The house now known as Little Torquil was built originally in the 1920’s as the garage to Torquil. Elsie McCorkindale loved driving, and owned one of the first motor vehicles in Trebetherick – a Talbot-Darracq – of which she was very proud.
John Betjeman’s Summoned by Bells mentions her with great affection:
In the same stanza he even refers to the garage, with stars out over its roof, and borrowing Aunt Elsie’s car to drive his sweetheart to Coolgrena for a dance.
The garage was sturdily built on two floors, with a large upstairs room to accommodate Aunt Elsie’s three Scottish nephews (Vasey, Ralph and Alastair Adams, sons of Elsie’s only sister Euphemia) during summer holidays when Torquil itself was full of other guests
When Miss McCorkindale sold Torquil in the early 1950s to Mrs Herberta Bone, she kept the garage as part of the Torquil Cottage estate, all of which property was passed on to her niece ‘Cesca Sharpe when she died in 1954. Ruth (daughter of Monica Carhart) remembers the splendid dressing-up box in the upper room, and playing there with the Sharpe children, sometimes putting on impromptu theatrical productions in Torquil Cottage garden.
In the 1970s ‘Cesca and Adrian Sharpe decided to convert the garage into a dwelling for Adrian’s elderly mother. But being cut off from passers-by in the lane did not suit Grannie Sharpe; she much preferred staying in Torquil Cottage where she could keep an eye on local life.

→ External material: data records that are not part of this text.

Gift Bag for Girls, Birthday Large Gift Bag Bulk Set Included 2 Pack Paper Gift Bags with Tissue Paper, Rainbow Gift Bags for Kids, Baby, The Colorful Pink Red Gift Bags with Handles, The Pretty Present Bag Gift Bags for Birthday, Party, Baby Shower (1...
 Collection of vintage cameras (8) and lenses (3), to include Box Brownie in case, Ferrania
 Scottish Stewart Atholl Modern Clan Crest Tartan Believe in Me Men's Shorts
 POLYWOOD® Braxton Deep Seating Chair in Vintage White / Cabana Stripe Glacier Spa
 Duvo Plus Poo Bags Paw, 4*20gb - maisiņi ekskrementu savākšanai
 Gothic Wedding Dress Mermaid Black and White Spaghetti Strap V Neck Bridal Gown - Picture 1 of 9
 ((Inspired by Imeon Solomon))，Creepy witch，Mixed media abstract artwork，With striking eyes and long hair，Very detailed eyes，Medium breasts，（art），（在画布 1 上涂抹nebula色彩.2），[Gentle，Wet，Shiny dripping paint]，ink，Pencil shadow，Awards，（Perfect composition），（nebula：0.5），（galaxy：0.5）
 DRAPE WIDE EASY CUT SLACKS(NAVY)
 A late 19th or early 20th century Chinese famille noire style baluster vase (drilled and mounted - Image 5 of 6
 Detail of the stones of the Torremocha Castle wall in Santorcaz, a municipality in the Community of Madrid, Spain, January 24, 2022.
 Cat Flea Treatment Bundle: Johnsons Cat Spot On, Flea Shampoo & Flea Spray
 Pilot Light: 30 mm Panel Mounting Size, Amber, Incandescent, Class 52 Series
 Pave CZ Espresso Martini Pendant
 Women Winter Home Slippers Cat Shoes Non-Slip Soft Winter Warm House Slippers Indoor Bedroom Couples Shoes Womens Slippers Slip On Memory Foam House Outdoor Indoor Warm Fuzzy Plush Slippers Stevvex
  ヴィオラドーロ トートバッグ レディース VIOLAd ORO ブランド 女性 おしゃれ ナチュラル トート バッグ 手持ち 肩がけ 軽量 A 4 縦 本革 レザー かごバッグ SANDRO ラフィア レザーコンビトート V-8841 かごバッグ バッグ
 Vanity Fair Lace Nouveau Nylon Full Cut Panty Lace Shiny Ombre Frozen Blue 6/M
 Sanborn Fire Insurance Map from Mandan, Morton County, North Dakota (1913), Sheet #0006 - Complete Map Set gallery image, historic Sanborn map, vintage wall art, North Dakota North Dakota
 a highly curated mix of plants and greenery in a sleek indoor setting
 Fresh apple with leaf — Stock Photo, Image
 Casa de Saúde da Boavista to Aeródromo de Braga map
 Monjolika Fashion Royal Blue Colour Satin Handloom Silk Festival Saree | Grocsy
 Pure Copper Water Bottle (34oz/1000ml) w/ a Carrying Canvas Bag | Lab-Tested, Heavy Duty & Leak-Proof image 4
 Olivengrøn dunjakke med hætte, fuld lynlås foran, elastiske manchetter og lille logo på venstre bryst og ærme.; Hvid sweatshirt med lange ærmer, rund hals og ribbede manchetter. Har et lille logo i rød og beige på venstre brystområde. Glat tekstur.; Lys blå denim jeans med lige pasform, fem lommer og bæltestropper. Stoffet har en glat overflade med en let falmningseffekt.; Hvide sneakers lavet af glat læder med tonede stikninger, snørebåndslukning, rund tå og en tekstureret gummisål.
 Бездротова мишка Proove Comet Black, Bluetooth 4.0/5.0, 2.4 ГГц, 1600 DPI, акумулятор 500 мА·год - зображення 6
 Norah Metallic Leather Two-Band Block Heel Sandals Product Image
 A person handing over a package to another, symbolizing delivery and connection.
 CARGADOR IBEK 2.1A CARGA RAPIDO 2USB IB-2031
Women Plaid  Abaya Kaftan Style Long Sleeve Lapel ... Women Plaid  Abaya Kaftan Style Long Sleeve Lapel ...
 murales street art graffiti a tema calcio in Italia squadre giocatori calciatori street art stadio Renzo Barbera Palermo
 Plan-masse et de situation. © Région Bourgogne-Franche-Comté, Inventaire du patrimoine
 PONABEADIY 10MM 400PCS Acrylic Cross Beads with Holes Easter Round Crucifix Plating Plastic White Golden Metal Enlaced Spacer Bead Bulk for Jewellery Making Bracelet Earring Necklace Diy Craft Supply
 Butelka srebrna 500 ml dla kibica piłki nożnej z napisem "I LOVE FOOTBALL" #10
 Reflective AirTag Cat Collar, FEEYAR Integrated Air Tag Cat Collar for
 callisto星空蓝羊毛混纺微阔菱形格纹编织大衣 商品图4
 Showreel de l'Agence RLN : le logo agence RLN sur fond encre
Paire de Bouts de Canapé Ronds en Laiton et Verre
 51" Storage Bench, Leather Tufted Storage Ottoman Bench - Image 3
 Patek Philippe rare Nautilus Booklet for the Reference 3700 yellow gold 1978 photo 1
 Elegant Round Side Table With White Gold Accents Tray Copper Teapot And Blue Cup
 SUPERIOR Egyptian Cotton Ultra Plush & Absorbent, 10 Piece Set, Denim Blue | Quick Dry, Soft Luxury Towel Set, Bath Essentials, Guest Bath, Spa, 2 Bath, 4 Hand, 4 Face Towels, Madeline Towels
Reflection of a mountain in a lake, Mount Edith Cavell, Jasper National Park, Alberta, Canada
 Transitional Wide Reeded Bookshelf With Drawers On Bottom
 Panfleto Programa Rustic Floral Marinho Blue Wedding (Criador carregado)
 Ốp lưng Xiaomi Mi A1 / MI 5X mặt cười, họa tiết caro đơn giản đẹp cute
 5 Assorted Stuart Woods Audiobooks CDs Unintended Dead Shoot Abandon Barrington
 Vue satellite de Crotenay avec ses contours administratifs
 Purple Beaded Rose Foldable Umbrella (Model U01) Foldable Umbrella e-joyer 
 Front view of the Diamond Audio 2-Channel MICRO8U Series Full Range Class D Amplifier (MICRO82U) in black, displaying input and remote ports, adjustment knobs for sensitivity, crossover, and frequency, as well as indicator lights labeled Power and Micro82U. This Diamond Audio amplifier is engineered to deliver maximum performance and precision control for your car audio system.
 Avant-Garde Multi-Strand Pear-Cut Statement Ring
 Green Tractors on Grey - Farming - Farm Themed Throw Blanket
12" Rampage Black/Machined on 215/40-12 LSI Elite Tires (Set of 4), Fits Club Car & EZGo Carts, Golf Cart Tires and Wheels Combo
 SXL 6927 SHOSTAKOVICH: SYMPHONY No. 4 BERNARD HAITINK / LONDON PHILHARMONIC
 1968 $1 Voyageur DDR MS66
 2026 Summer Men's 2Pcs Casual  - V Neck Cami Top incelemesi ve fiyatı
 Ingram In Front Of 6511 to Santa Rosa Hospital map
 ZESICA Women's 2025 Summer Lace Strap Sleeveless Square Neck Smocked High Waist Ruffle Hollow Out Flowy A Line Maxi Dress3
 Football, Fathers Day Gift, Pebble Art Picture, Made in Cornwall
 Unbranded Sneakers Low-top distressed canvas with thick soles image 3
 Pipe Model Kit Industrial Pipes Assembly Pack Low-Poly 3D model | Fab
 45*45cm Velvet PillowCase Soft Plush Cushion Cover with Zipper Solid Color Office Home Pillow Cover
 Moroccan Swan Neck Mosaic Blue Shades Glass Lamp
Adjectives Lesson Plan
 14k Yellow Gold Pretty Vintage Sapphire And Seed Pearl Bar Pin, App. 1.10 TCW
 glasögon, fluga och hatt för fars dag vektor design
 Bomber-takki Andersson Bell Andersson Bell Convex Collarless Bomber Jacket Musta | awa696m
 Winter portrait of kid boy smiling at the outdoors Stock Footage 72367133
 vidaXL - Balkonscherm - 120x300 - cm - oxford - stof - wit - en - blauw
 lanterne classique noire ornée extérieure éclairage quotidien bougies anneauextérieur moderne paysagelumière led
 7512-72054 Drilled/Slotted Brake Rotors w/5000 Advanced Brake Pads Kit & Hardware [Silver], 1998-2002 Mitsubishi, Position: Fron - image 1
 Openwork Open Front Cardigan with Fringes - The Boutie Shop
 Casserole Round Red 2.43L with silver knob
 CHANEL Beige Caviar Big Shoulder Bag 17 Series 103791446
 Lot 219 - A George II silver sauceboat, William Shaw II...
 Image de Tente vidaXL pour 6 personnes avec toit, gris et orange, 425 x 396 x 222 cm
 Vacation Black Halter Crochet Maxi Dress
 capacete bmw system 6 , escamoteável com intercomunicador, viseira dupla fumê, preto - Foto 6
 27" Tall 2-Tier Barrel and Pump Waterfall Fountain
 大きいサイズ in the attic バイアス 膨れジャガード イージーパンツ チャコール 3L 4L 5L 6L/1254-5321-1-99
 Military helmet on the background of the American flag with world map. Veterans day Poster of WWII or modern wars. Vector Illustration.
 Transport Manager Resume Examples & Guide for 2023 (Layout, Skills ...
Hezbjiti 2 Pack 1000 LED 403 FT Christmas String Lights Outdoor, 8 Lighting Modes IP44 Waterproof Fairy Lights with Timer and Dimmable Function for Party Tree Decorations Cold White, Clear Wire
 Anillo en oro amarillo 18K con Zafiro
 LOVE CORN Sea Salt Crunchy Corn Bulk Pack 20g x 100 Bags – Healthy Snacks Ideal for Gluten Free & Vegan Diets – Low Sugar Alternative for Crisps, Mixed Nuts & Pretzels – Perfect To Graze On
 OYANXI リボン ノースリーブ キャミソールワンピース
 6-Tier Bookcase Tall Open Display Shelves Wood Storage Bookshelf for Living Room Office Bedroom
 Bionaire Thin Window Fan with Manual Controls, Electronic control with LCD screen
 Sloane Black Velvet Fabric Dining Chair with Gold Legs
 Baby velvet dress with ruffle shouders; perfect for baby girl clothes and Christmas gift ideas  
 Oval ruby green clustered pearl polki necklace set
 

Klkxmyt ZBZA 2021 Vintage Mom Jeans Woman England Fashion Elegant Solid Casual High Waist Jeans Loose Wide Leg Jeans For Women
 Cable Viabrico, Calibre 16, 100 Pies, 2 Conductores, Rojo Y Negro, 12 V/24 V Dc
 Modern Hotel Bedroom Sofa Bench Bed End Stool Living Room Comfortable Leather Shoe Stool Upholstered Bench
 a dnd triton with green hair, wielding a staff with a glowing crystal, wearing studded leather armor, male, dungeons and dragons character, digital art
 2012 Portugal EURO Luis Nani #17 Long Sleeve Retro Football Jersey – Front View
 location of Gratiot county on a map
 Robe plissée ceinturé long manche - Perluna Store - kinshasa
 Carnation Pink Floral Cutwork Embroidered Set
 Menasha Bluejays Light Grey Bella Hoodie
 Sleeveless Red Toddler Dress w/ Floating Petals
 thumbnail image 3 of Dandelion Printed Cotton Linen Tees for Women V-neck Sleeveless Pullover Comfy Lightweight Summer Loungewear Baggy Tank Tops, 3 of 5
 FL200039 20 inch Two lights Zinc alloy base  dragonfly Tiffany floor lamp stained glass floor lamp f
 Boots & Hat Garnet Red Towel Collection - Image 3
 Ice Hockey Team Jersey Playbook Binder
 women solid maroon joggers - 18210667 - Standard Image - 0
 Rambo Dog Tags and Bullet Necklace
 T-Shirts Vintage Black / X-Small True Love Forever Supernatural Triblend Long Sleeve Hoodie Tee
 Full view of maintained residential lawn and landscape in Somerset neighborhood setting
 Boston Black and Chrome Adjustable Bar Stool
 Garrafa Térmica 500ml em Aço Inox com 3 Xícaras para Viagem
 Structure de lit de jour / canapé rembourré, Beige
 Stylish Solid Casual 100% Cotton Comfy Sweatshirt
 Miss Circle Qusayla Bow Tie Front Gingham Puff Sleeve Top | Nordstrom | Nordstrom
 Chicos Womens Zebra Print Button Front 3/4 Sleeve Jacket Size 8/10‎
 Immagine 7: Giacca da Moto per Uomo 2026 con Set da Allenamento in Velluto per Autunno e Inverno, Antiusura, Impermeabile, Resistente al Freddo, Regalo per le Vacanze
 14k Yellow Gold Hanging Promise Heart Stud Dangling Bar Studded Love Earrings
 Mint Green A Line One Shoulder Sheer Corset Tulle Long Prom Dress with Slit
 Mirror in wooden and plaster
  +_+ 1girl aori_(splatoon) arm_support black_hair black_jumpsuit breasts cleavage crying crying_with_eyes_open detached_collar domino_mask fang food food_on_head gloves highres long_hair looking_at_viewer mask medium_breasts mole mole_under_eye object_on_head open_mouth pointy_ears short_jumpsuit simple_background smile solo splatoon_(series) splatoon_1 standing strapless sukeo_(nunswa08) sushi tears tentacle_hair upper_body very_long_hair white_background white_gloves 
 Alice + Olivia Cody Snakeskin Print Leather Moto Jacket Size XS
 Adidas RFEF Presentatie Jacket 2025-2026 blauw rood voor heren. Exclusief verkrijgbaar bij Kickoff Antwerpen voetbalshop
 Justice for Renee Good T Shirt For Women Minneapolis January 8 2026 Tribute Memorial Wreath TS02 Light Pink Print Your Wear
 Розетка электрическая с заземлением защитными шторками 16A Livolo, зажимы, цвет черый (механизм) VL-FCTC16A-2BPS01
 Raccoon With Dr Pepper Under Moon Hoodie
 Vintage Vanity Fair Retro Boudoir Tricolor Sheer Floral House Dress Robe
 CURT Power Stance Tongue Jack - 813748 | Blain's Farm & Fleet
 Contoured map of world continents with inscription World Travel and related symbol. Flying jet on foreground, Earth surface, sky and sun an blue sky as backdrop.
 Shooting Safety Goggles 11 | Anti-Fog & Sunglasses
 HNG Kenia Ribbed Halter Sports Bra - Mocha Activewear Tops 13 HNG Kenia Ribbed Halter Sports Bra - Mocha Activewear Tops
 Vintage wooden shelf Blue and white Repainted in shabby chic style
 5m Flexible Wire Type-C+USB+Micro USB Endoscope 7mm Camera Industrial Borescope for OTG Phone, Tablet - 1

The Sharpes sold what they had called The Little House in 1989 to Chris Bone, youngest son of Mrs Herberta Bone, who had inherited Torquil in 1984. He in turn sold Little Torquil (as it was by then re-named) in 1998 to Mrs Gill MacCabe, who was delighted to find such “a wonderful place” to entertain her granddaughter Chloe during the summer holidays. Gill and Chris’ wife Barbara had worked together in a horticultural business in London, and so Gill had previously visited Trebetherick with the Bone family at Torquil.